Si va in analisi, ci si sdraia su un lettino e ci si racconta, dal sogno notturno all’alterco con il nostro vicino di casa. Si scrive, si riempiono siti web con pagine scritte in Times New Roman o in Bookman Old Style. Si intasano gli uffici postali con manoscritti che piomberanno come macigni sulle scrivanie di editor storditi dal troppo leggere. “Ho scritto un romanzo”, “io scrivo”, “il mio hobby è la scrittura, la poesia”. Oggi più di ieri si scrive. Spesso, molto spesso, si vede in quest’attività solo l’eccesso di ambizione, la fuga narcisistica nel sogno di gloria di cui si è appena parlato. Perché non vederci anche un segno del progresso? Un’evoluzione verso un nuovo traguardo di civiltà?

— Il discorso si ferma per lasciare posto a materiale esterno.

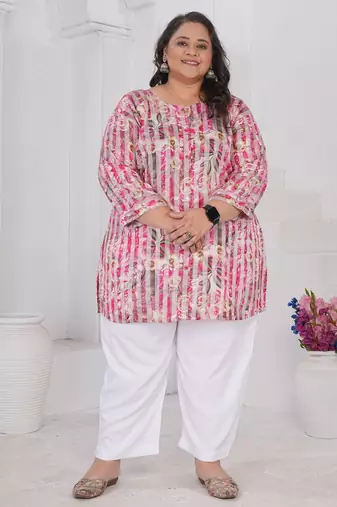 Pink color beautiful plus size kurta for looks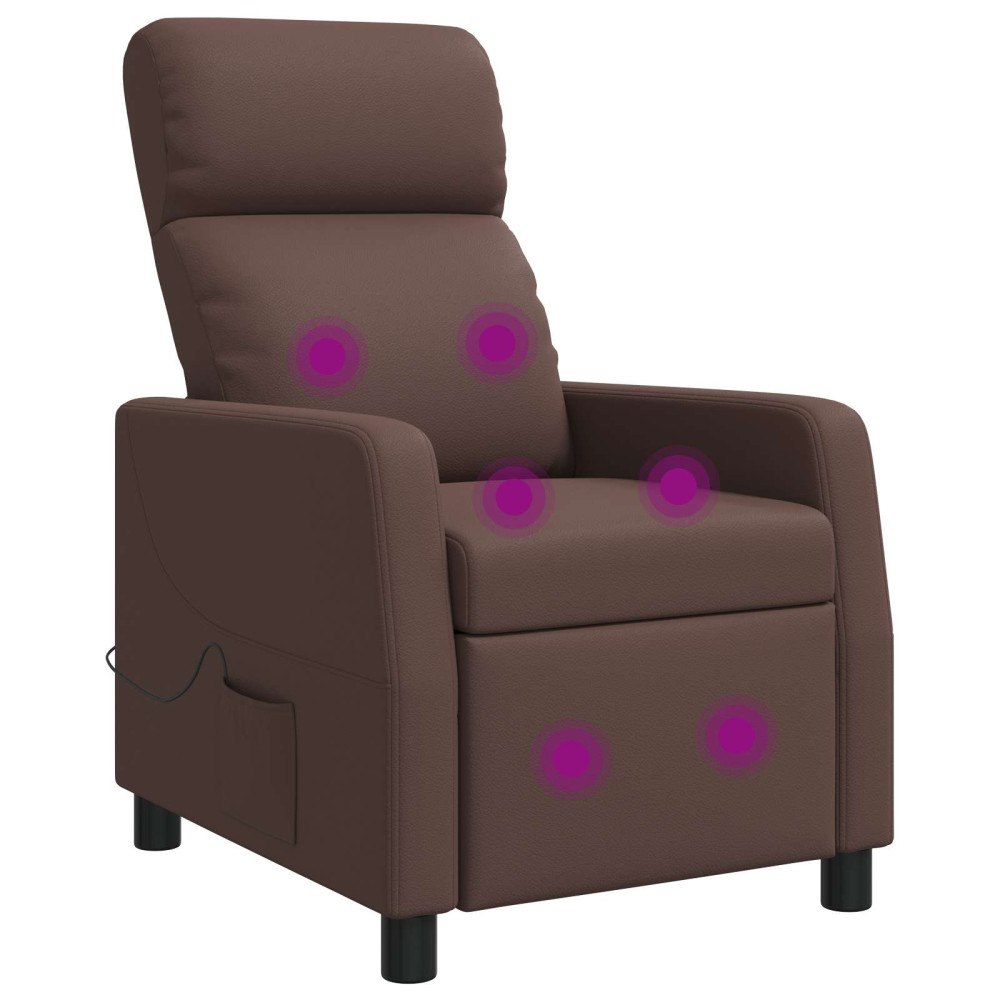 vidaXL Massagefåtölj Brun Konstläder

Si parla ancora di analfabetismo, di analfabetismo di ritorno, ma non si parla mai del fatto che non ci sono più le percentuali statistiche di un tempo. Un secolo fa più del cinquanta per cento della popolazione non sapeva leggere e scrivere. Ci si ritrovava attorno al focolare, come le tribù delle popolazioni arcaiche, prive di linguaggio scritto, e ci si raccontava, fra parenti e amici. Oggi la gente ha imparato a leggere. L’incremento degli anni di obbligo scolastico, i media, la diffusione di carta stampata, internet e la e-mail che ci hanno riabituato a comunicare attraverso la forma epistolare, anche se digitalizzata, tutti questi fattori ci consegnano ad una moltitudine di scrittori, di poeti, o di gente che almeno aspira ad esprimere la profondità della sua anima attraverso un racconto suo, un racconto originale della propria vita. Un racconto scritto, non raccontato a voce davanti al focolare, un racconto che dal solipsismo di una testa china su una pagina bianca, su un monitor, aspira a rivelare i segreti di un’epoca vissuta in prima persona, come Omero raccontò l’universo di una cultura raccolta nella sua mente evocando le gesta di eroi imparentati con gli dei.

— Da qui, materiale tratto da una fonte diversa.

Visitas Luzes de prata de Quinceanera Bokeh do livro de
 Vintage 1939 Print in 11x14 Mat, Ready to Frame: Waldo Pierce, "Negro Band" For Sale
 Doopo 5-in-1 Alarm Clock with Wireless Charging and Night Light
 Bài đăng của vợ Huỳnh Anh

Allora troviamo insospettabili lavoratori con le dita sporche di inchiostro, non solo gli intellettuali, i letterati e gli addetti ai lavori, ma anche il cameriere, il muratore, il vicino di casa con cui abbiamo litigato per futili motivi. Ogni giorno, se entriamo in una relazione attenta con l’altro, scopriamo un vecchio che ha una mezza dozzina di manoscritti nel cassetto, giovani neoromantici che scrivono storie e versi sui muri delle città, anonimi poeti che lasciano malinconici o ironici haiku scritti con pennarelli indelebili sulle porte dei bagni pubblici, e anche adolescenti che non nascondono più il loro diario, ma lo condividono con quello degli altri, dei loro amici, o magari anche con sconosciuti incontrati in net work.
In un mondo complesso, pieno di contraddizioni, pieno di incongruenze e di relativismo, le persone si ritagliano il loro angolo di autenticità giocando con il computer, ma tenendo acceso il programma Word. E’ un bisogno, evidentemente, forse il modo più autentico per sentirsi se stessi, per sentirsi liberi. Ben venga allora lo scrivere! Immaginiamo un mondo dove due persone, conoscendosi, stringendo amicizia, o innamorandosi, arrivino presto, se non subito, a scambiarsi il manoscritto della loro autobiografia, un racconto scritto solo per farsi conoscere dall’altra: lo natura umana emergerebbe in tutta la sua sacralità, concretizzandosi in simili incontri, e forse inizierebbe davvero l’era dello spirito libero.